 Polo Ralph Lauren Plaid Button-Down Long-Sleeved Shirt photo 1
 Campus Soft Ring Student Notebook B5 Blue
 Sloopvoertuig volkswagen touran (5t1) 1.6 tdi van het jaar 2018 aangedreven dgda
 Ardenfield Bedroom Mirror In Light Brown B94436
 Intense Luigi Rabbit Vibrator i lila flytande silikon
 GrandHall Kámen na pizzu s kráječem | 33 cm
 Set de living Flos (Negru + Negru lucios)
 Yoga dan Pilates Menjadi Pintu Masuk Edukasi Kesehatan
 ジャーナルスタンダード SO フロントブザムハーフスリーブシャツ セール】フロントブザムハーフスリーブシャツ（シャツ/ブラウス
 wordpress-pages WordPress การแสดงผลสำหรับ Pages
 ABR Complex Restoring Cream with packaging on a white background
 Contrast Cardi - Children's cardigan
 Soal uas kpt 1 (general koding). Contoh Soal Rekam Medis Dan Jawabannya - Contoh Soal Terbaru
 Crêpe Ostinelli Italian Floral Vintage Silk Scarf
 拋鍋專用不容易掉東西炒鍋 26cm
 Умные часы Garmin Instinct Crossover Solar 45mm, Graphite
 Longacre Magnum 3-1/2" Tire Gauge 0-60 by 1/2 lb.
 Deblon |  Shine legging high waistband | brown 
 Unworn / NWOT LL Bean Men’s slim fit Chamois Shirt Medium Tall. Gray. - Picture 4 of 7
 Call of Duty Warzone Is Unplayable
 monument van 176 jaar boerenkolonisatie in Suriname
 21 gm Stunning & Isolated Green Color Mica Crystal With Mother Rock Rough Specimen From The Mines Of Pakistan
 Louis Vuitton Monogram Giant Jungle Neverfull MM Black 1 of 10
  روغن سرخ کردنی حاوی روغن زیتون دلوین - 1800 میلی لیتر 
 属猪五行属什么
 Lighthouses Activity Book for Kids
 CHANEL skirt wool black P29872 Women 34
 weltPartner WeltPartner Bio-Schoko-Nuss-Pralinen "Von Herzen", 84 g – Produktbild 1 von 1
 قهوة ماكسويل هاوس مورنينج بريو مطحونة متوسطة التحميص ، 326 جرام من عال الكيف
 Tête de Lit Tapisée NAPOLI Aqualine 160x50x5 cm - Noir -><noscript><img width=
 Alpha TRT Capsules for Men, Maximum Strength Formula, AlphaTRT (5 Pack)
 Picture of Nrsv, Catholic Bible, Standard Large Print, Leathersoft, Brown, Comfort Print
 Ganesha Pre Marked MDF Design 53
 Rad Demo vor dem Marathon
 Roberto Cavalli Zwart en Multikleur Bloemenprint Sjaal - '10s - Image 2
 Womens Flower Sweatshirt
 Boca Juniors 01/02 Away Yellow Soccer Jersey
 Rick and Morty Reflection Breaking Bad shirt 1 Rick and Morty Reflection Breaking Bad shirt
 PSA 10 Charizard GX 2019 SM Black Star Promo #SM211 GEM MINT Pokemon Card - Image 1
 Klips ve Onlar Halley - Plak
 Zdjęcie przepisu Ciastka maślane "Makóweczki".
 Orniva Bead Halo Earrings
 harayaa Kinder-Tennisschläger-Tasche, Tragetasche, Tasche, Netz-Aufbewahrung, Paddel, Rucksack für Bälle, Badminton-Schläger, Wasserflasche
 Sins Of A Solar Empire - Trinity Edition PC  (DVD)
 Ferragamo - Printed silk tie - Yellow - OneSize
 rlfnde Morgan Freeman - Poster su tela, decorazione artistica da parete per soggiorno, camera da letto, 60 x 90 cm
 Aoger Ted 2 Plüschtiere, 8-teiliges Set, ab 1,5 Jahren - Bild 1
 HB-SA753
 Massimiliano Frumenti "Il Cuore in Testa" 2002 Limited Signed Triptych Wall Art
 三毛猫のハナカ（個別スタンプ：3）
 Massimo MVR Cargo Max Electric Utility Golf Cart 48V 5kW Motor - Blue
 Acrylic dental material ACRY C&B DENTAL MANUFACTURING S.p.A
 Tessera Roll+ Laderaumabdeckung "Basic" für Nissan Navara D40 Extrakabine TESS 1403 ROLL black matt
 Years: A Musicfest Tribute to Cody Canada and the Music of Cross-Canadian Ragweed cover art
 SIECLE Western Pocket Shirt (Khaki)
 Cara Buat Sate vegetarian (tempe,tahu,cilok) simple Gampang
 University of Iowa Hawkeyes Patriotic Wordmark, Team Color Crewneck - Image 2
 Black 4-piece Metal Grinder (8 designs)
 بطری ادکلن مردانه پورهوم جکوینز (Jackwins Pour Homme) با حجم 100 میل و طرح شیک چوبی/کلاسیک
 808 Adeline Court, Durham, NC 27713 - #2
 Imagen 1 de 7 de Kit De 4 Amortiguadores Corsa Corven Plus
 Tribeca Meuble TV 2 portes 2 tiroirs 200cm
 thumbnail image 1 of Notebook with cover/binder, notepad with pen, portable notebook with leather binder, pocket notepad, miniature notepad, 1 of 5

#### ACTIVITY:
The answer must hold only the lines from the first line of the data through the line bearing "Tête de Lit", returned exactly.

#### RESPONSE:
 Polo Ralph Lauren Plaid Button-Down Long-Sleeved Shirt photo 1
 Campus Soft Ring Student Notebook B5 Blue
 Sloopvoertuig volkswagen touran (5t1) 1.6 tdi van het jaar 2018 aangedreven dgda
 Ardenfield Bedroom Mirror In Light Brown B94436
 Intense Luigi Rabbit Vibrator i lila flytande silikon
 GrandHall Kámen na pizzu s kráječem | 33 cm
 Set de living Flos (Negru + Negru lucios)
 Yoga dan Pilates Menjadi Pintu Masuk Edukasi Kesehatan
 ジャーナルスタンダード SO フロントブザムハーフスリーブシャツ セール】フロントブザムハーフスリーブシャツ（シャツ/ブラウス
 wordpress-pages WordPress การแสดงผลสำหรับ Pages
 ABR Complex Restoring Cream with packaging on a white background
 Contrast Cardi - Children's cardigan
 Soal uas kpt 1 (general koding). Contoh Soal Rekam Medis Dan Jawabannya - Contoh Soal Terbaru
 Crêpe Ostinelli Italian Floral Vintage Silk Scarf
 拋鍋專用不容易掉東西炒鍋 26cm
 Умные часы Garmin Instinct Crossover Solar 45mm, Graphite
 Longacre Magnum 3-1/2" Tire Gauge 0-60 by 1/2 lb.
 Deblon |  Shine legging high waistband | brown 
 Unworn / NWOT LL Bean Men’s slim fit Chamois Shirt Medium Tall. Gray. - Picture 4 of 7
 Call of Duty Warzone Is Unplayable
 monument van 176 jaar boerenkolonisatie in Suriname
 21 gm Stunning & Isolated Green Color Mica Crystal With Mother Rock Rough Specimen From The Mines Of Pakistan
 Louis Vuitton Monogram Giant Jungle Neverfull MM Black 1 of 10
  روغن سرخ کردنی حاوی روغن زیتون دلوین - 1800 میلی لیتر 
 属猪五行属什么
 Lighthouses Activity Book for Kids
 CHANEL skirt wool black P29872 Women 34
 weltPartner WeltPartner Bio-Schoko-Nuss-Pralinen "Von Herzen", 84 g – Produktbild 1 von 1
 قهوة ماكسويل هاوس مورنينج بريو مطحونة متوسطة التحميص ، 326 جرام من عال الكيف
 Tête de Lit Tapisée NAPOLI Aqualine 160x50x5 cm - Noir -><noscript><img width=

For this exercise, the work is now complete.